### Task instructions
The answer must consist solely of the lines from the one containing "School Calendar preview" through the last line of the records, set down exactly and without any pictures.

*** Input records Section Begins ***

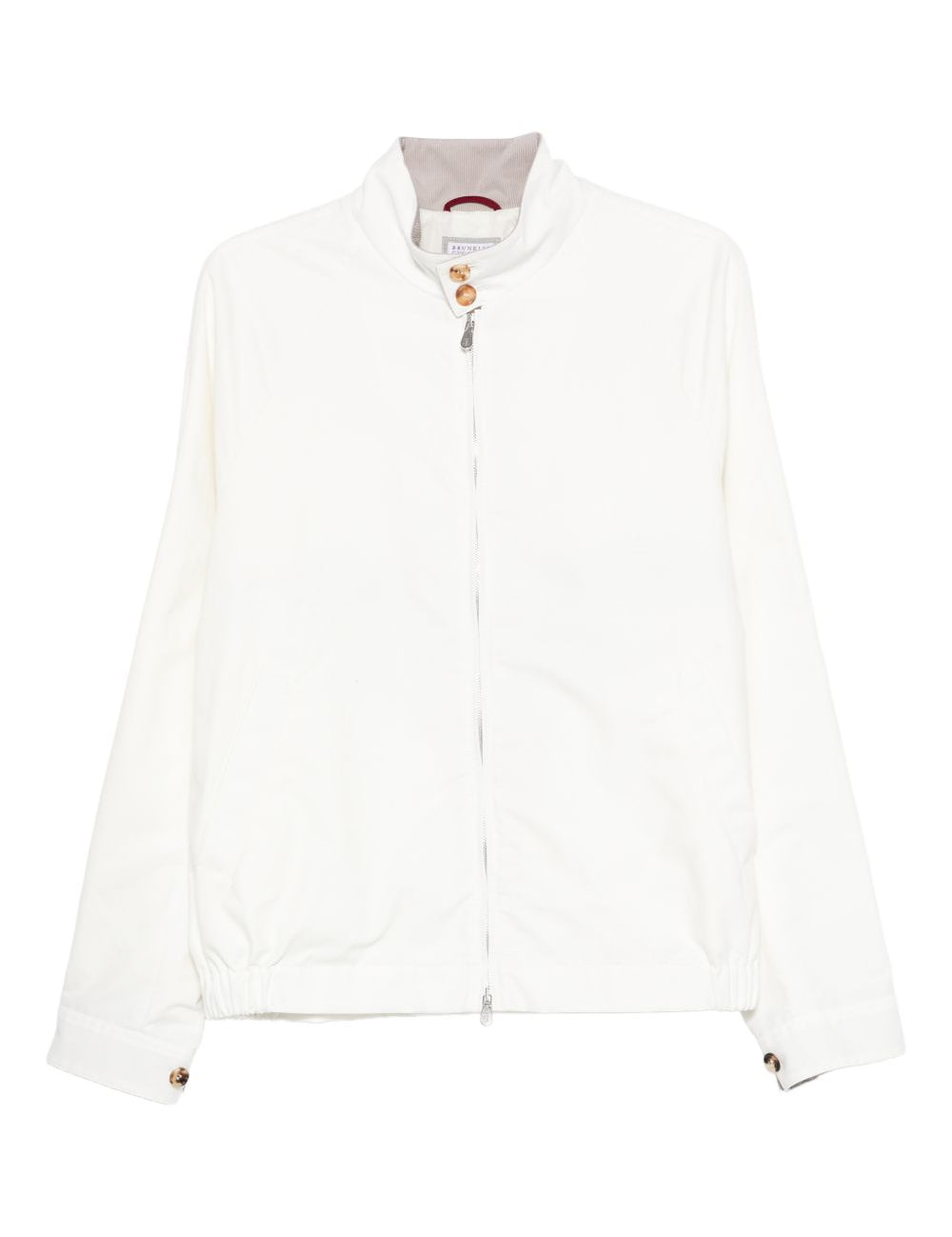 Giacca con zip antivento in bianco Brunello cucinelli - uomo 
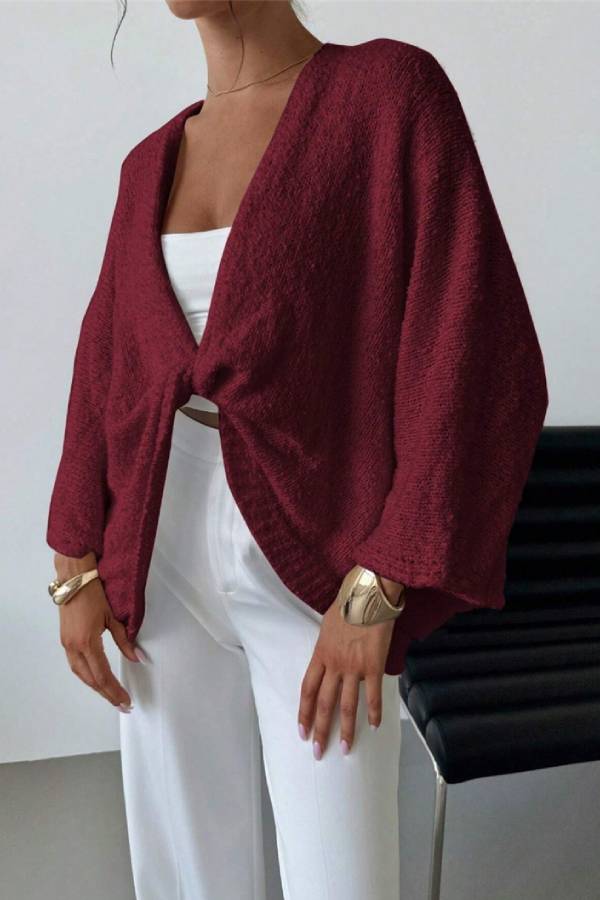 Knitted cardigan with batwing sleeves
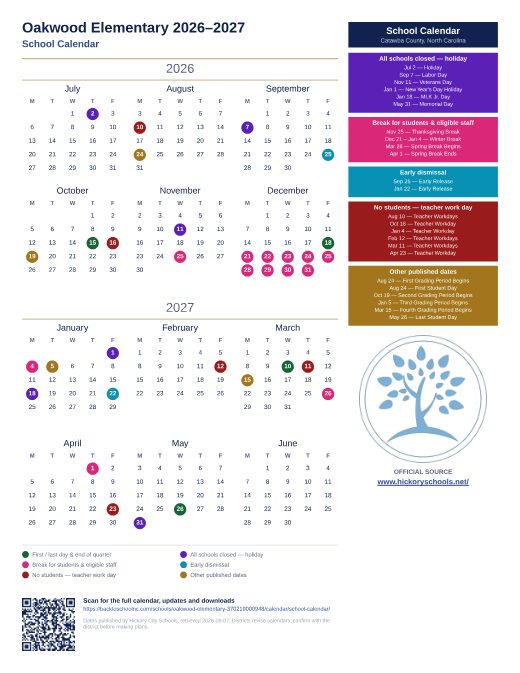 School Calendar preview
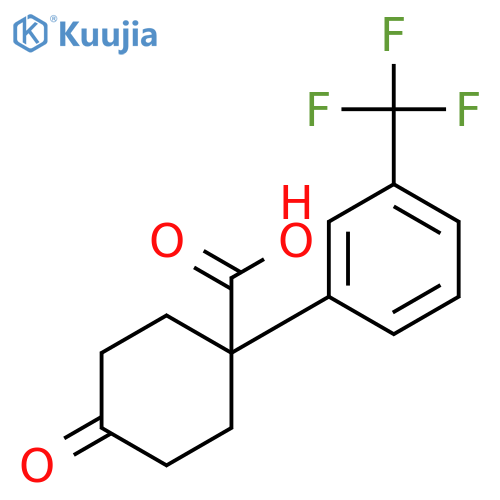 4-oxo-1-3-(trifluoromethyl)phenylcyclohexane-1-carboxylic acid structure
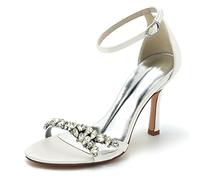 KUHAOFEU Womens Stiletto High Heels Rhinestone Summer Sandals Ankle Buckle Open Round Toe Elegant Wedding Dress Pump Shoes,Ivory,4 UK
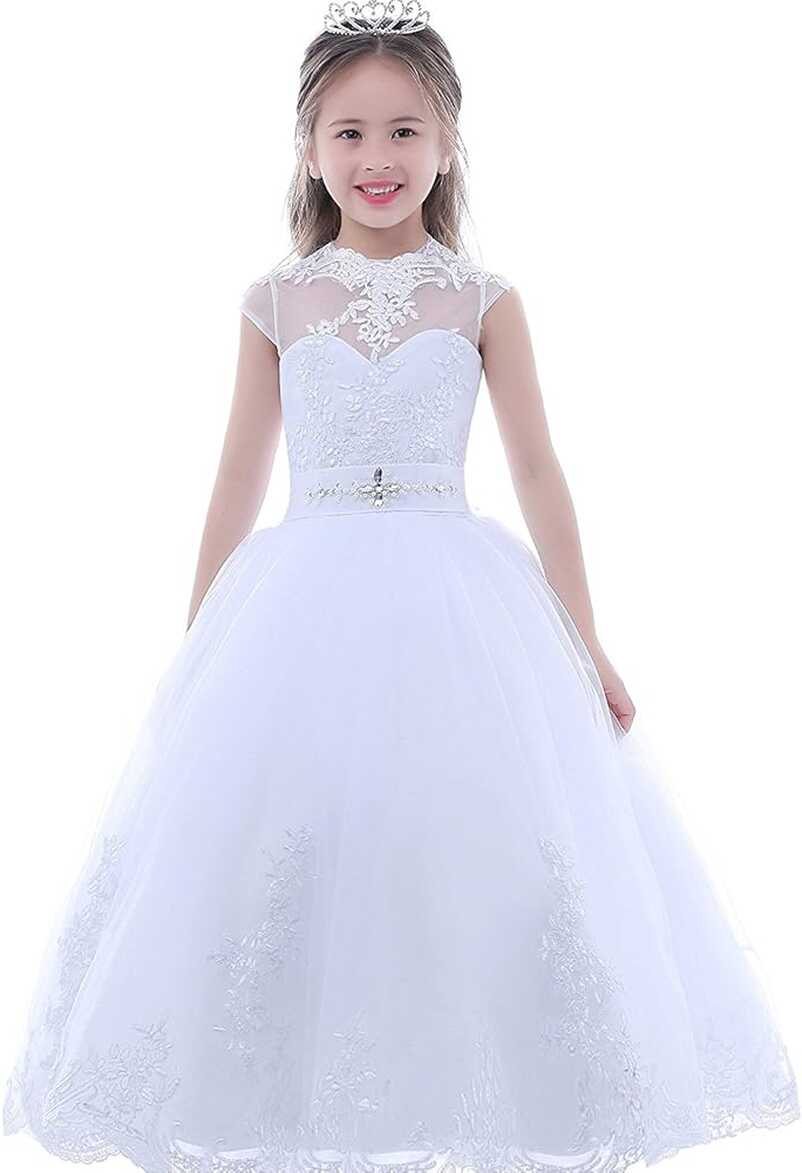 Amazon.com: HEVECI Pure White First Communion Dresses for Girls 7 ...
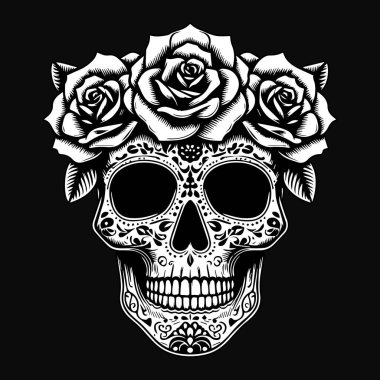 Siyah Beyaz ve Siyah Çiçekli Kara Sanat Kafatası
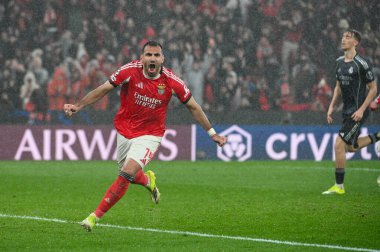 Lizbon, Portekiz. 28 Ocak 2026. SL Benfica forveti Vangelis Pavlidis, Lizbon 'daki Estadio da Luz' da Real Madrid 'e karşı Benfica maçında gol attı..
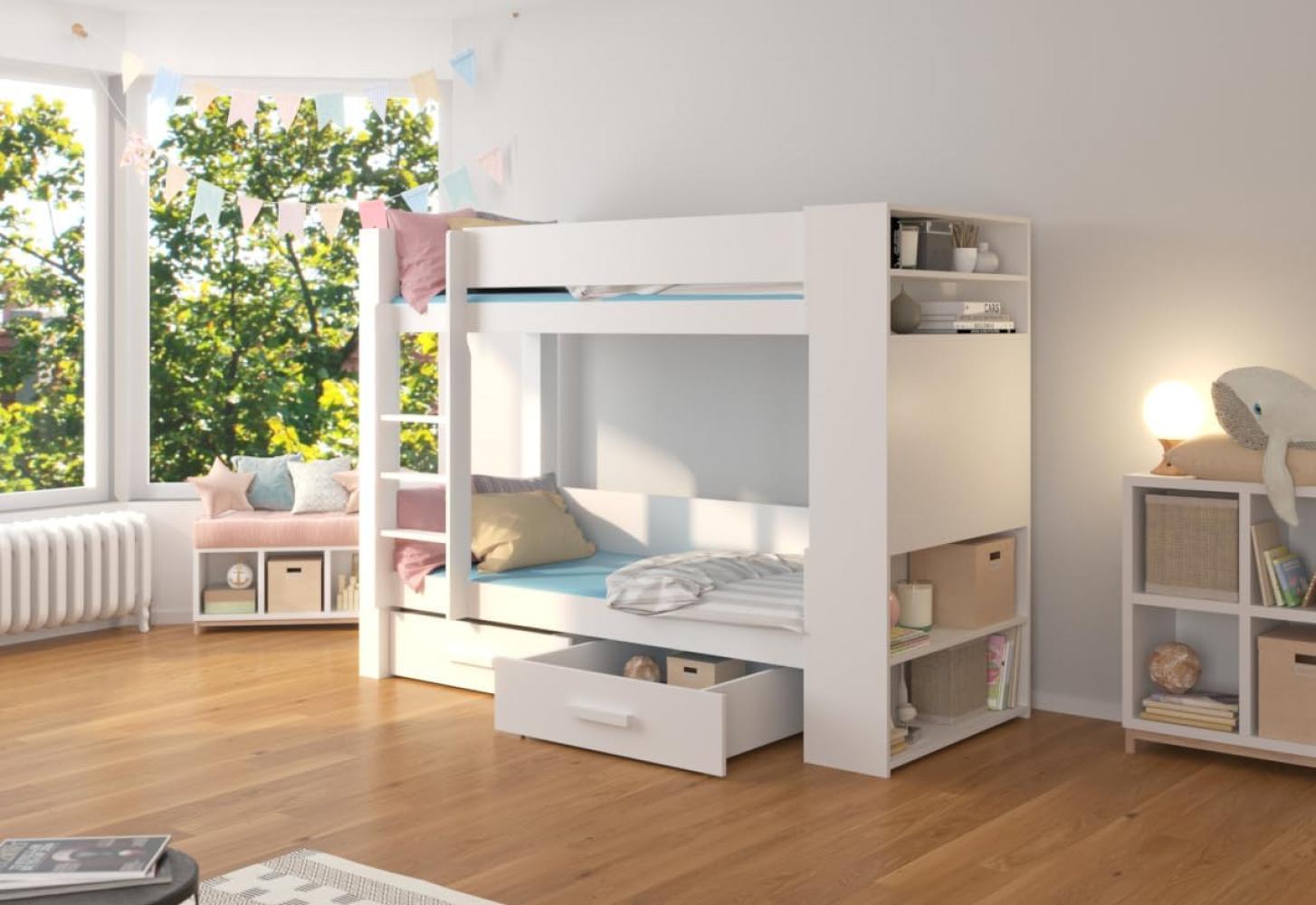 Etagenbett für Kinder GARNETA + 2x Matratze, 90x200, Weiß Bild 1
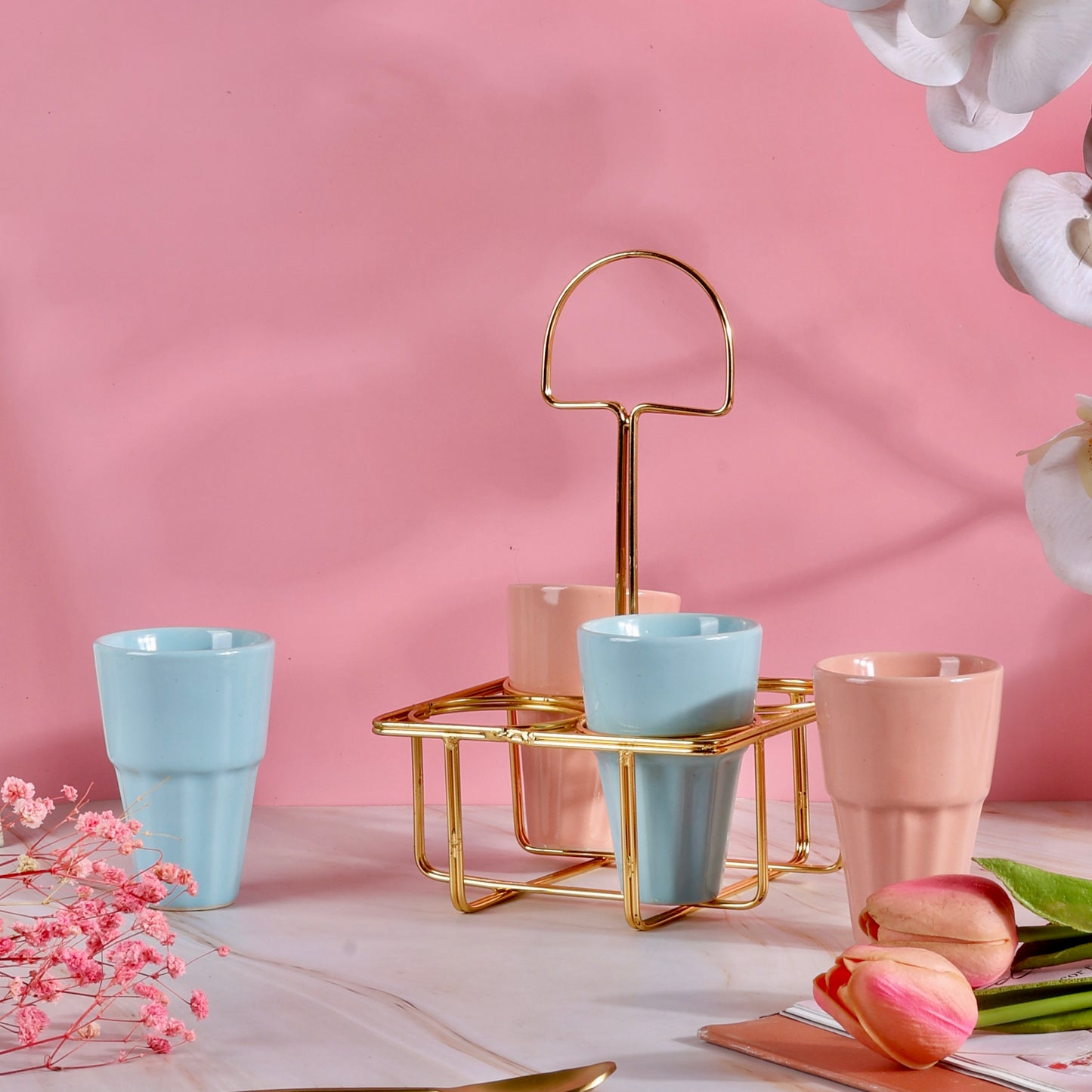 4 Chai Glasses with Golden Stand Set - Baby Pink and Blue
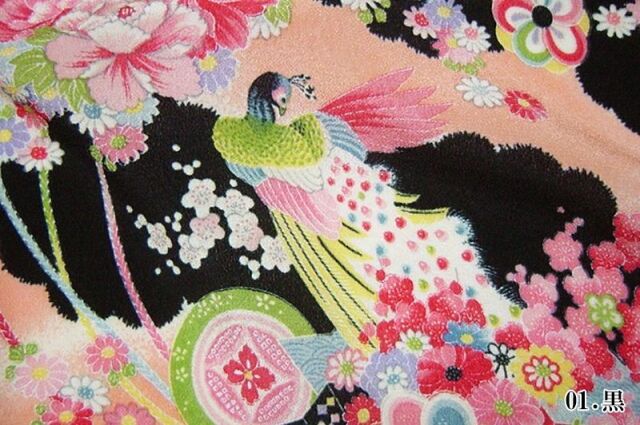 一越ちりめん販売 孔雀文柄の縮緬生地販売なら都香庵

*** Input records Section Ends ***

### Written solution
 School Calendar preview
 4-oxo-1-3-(trifluoromethyl)phenylcyclohexane-1-carboxylic acid structure
 KUHAOFEU Womens Stiletto High Heels Rhinestone Summer Sandals Ankle Buckle Open Round Toe Elegant Wedding Dress Pump Shoes,Ivory,4 UK
 Amazon.com: HEVECI Pure White First Communion Dresses for Girls 7 ...
 Siyah Beyaz ve Siyah Çiçekli Kara Sanat Kafatası
 Lizbon, Portekiz. 28 Ocak 2026. SL Benfica forveti Vangelis Pavlidis, Lizbon 'daki Estadio da Luz' da Real Madrid 'e karşı Benfica maçında gol attı..
 Etagenbett für Kinder GARNETA + 2x Matratze, 90x200, Weiß Bild 1
 4 Chai Glasses with Golden Stand Set - Baby Pink and Blue
 一越ちりめん販売 孔雀文柄の縮緬生地販売なら都香庵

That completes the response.